Joy in an Old Friend

Robin Botie of Ithaca, New York, photoshops an old friend joyfully painting her carpet from a wheelchair.“When are you going to photograph me again?” the most adventurous one of my friends asked. It had been eighteen months since I last photographed her. Since then we’d spent hours together in emergency rooms and doctor’s offices. We’d also gone to plays and dined out in local ethnic eateries. But over the past year my friend has become more and more dependent on her wheelchair and oxygen tanks. I can’t recall when I last saw her walk more than a step or two. The oxygen tubes have become a permanent facial feature. She would no longer want to pose for pictures and then be posted all over Facebook and Twitter, I thought.

And that is what I’m embarrassed to admit: I all but bought into the idea that we need to hide reality, draw the curtains on any evidence of aging or disability. My friend, joyful spirit that she is, has happily posed in the past, flapping her wings, hugging plants, pretending to hug her inner child. She simply loves being in front of a camera. And I was ready to totally dismiss that because of my own hang-ups and preconceived notions about growing old.

“You have to come see what I’ve been working on,” she said, days later when I dropped her off after a gut-buster lunch at a Chinese buffet. By the time we emptied my car of the wheelchair, the pillow that accompanies the wheelchair, the bag that is supposed to stay attached to the back of the wheelchair, and the oxygen tank (which she always says is almost empty, just to get me riled) we were both exhausted. But, curious to see her new project because health issues had hampered her recent creative efforts, I followed as she wheeled herself into her doorway and pointed to the floor.

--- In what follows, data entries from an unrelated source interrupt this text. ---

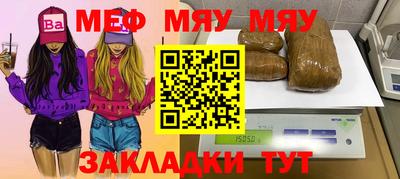 мдпв Сланцы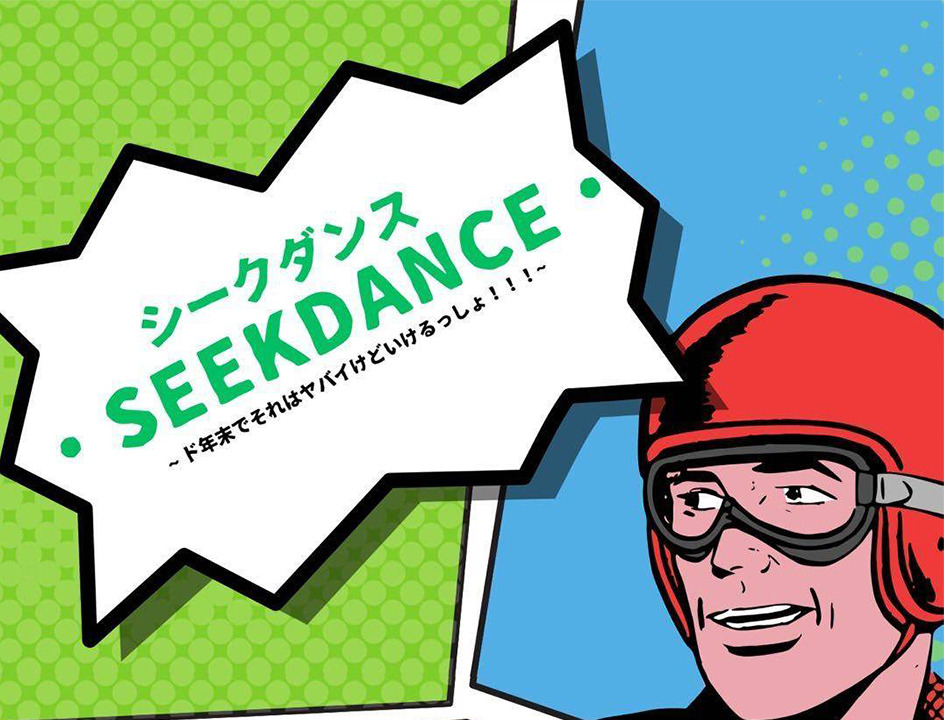 SEEKDANCE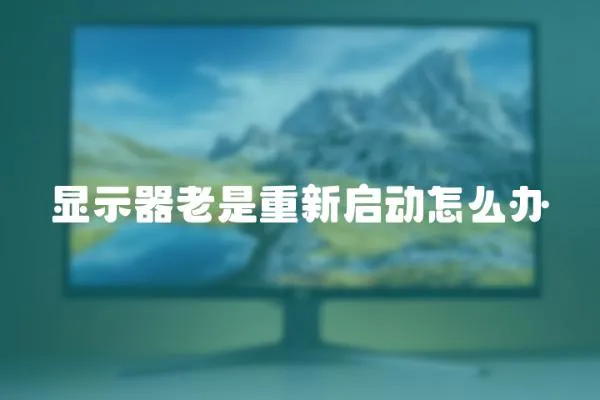 顯示器老是重新啟動怎么辦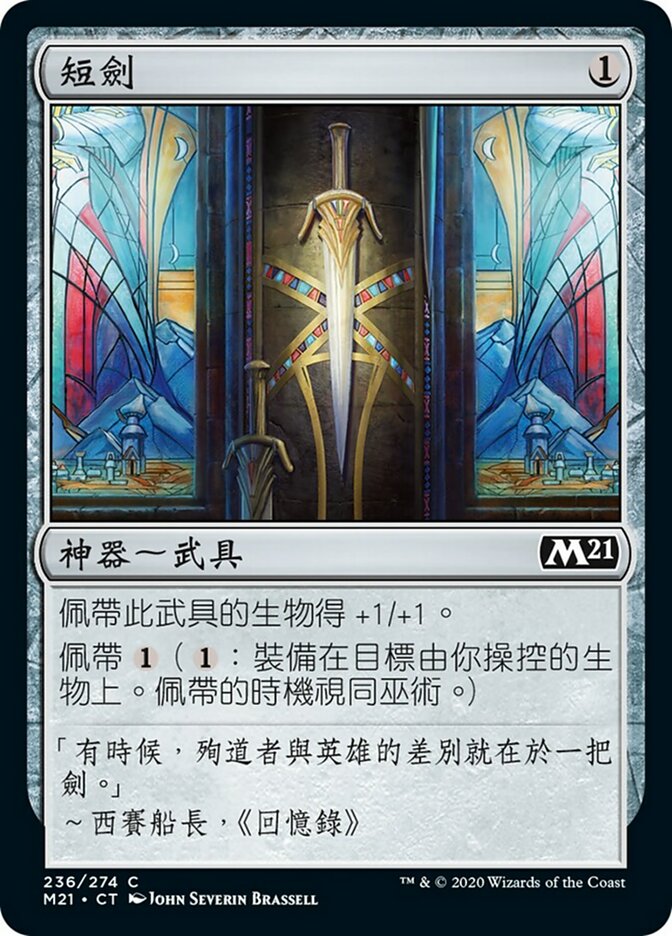 短劍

“You’ve been painting on the carpet?” I asked, stepping carefully around the painted areas, and eyeing the pile of fabric markers lying nearby. Stifling the tiniest laugh, I examined her latest masterpiece, wondering how on Earth she got down-to and then up- off the floor.
“I couldn’t get the stains out so I decided to paint over them,” she said, with a smile beneath the oxygen tube, full of mischief and pride. And then she showed me how.